▶ [INSTRUCTIONS TO FOLLOW]
Reproduce exactly, and only, the lines below from the one containing "Estudiantes universitarios se" through the one containing "2026 Ford Super Duty F-350 DRW Lariat".

▶ [LISTED RECORDS]
^^^^

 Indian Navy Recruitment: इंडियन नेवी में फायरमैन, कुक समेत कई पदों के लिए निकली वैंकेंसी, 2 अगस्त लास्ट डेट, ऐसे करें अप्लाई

^^^^

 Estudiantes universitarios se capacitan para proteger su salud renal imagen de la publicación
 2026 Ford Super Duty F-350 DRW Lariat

^^^^

▶ [RESULT FOR THIS EXERCISE]
 Estudiantes universitarios se capacitan para proteger su salud renal imagen de la publicación
 2026 Ford Super Duty F-350 DRW Lariat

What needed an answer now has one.